Sejarah dan Filosofi di Balik Kebebasan Berkontrak
Untuk memahami esensi dari asas kebebasan berkontrak, kita perlu menelusuri kembali jejak sejarah dan akar filosofisnya yang tertanam kuat pada era Pencerahan (Enlightenment) di Eropa pada abad ke-17 dan ke-18. Era ini ditandai dengan munculnya pemikiran yang mengagungkan akal budi (rasionalisme), hak-hak individu, dan penolakan terhadap otoritas absolut, baik itu dari monarki maupun gereja. Dari rahim intelektual inilah lahir paham individualisme dan liberalisme, yang menjadi landasan filosofis bagi kebebasan berkontrak.

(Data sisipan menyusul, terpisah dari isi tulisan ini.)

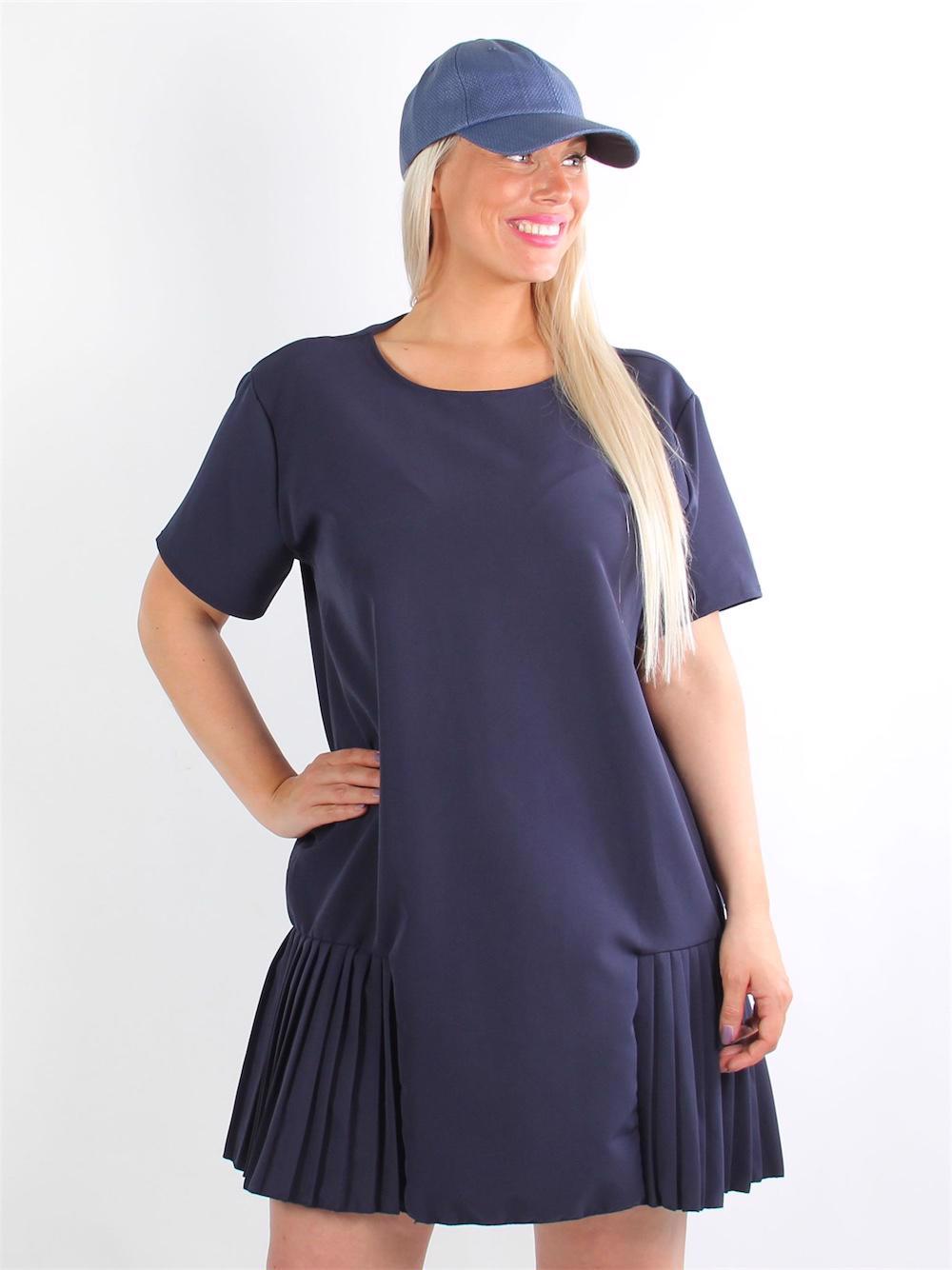 Adilena - Armégrön klänning i en form med volangdetaljer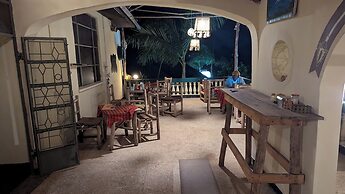 Kilimanjaroo Inn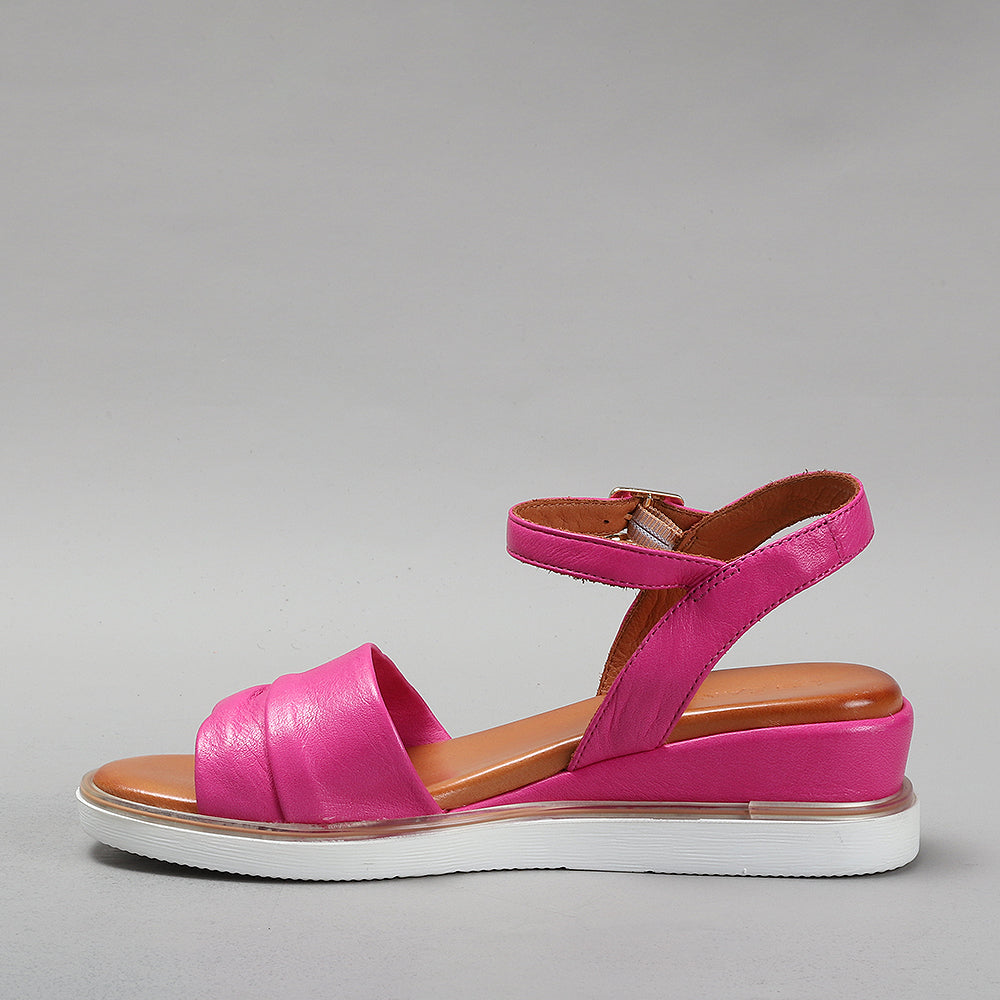 Tyler - Hot Pink - LE SANSA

Para pemikir seperti John Locke dengan teorinya tentang hak-hak alamiah (natural rights) yang meliputi hak atas hidup, kebebasan, dan kepemilikan, memberikan fondasi bahwa individu memiliki otonomi yang inheren. Kehendak bebas individu adalah suci dan harus dihormati. Negara hadir bukan untuk mendikte, melainkan untuk melindungi hak-hak tersebut. Dalam konteks ekonomi, Adam Smith melalui magnum opusnya, "The Wealth of Nations", mengemukakan gagasan "tangan tak terlihat" (invisible hand) yang mengatur pasar. Ia berpendapat bahwa ketika setiap individu dibiarkan bebas mengejar kepentingannya sendiri melalui transaksi sukarela (kontrak), maka secara kolektif, kesejahteraan masyarakat akan tercapai secara efisien tanpa perlu intervensi negara yang berlebihan.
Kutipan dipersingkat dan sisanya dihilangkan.